L’accordo tra Autorità Garante delle persone con disabilità e Carabinieri

Si tratta di un accordo importante. L’Autorità Garante nazionale dei diritti delle persone con disabilità e il Comando Carabinieri per la Tutela della Salute hanno siglato un protocollo di collaborazione teso a rafforzare la vigilanza sulle strutture che ospitano persone con disabilità. Nell’accordo si prevedono visite congiunte con accesso illimitato a Residenze Sanitarie Assistenziali, case-famiglia e case di riposo. Attraverso questo accordo, si potrà verificare il rispetto dei diritti fondamentali degli ospiti.

L’accordo

Tutto nasce lo scorso 17 dicembre tra l’Autorità Garante nazionale dei diritti delle persone con disabilità e il Comando Carabinieri per la Tutela della Salute. Insieme hanno siglato il protocollo di collaborazione. E si sono poste le basi per il rispetto dei diritti fondamentali degli ospiti, compresa l’assistenza socio-sanitaria e la possibilità di una vita sociale e relazionale soddisfacente.

Gli effetti
L’Autorità Garante, anche sulla base di eventuali segnalazioni ricevute, avvierà le visite presso le strutture. Il tutto, in collaborazione con il Comando Carabinieri per la Tutela della Salute e i suoi Nas (Nuclei Antisofisticazioni e Sanità).
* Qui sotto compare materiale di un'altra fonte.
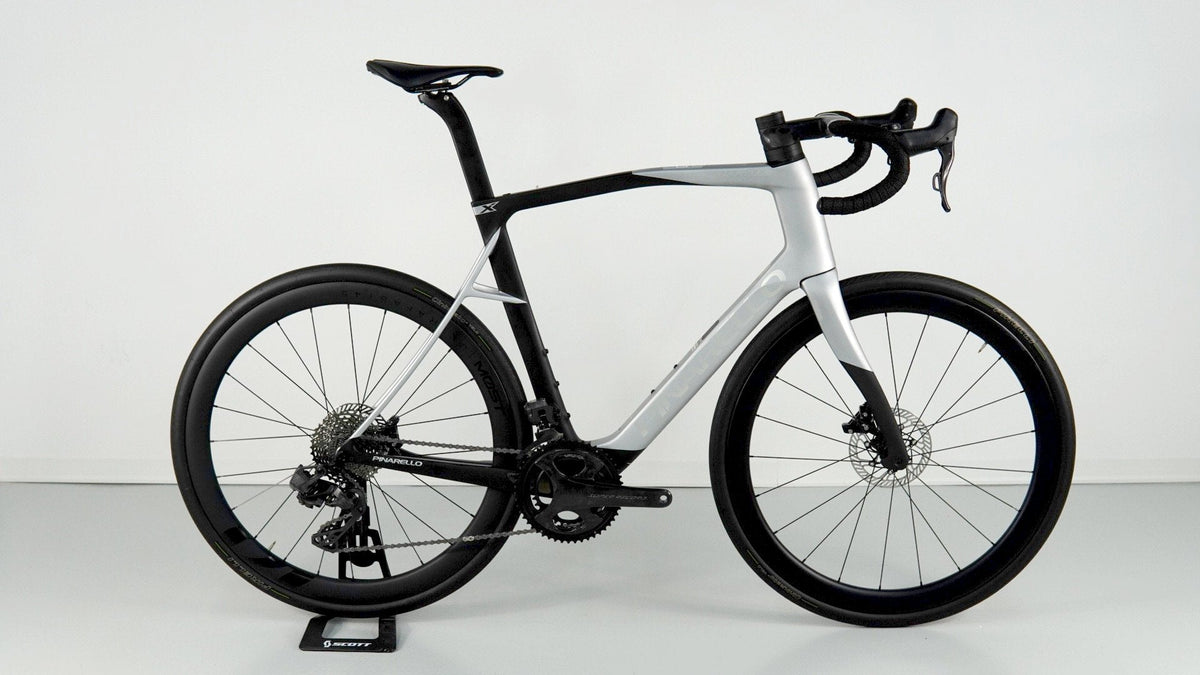 Pinarello X9 Tg 2026 usata — vista laterale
A questi ultimi è affidato il compito di garantire il supporto logistico, mettendo a disposizione il proprio personale per ispezioni in vari ambiti, tra cui la verifica delle autorizzazioni, dei requisiti strutturali e igienici e della gestione della cura delle persone ospitate, tra cui anche la selezione dei fornitori e la formazione del personale.

In questo modo, «l’Autorità potrà svolgere uno dei propri compiti, ovvero quello delle visite presso le strutture che ospitano le persone con disabilità», dichiara il presidente del Collegio dell’Autorità Garante Maurizio Borgo, «e queste visite sono state pensate dalla Legge istitutiva dell’Autorità [il Decreto Legislativo 20/24, N.d.R.] con un intento collaborativo e avranno un duplice obiettivo: verificare che le persone con disabilità ricevano un’adeguata assistenza socio-sanitaria e, non meno importante, siano messe nelle condizioni di condurre una vita sociale e relazionale nel pieno rispetto dei loro diritti, così da realizzare il loro progetto di vita, come previsto dalla riforma in materia di disabilità».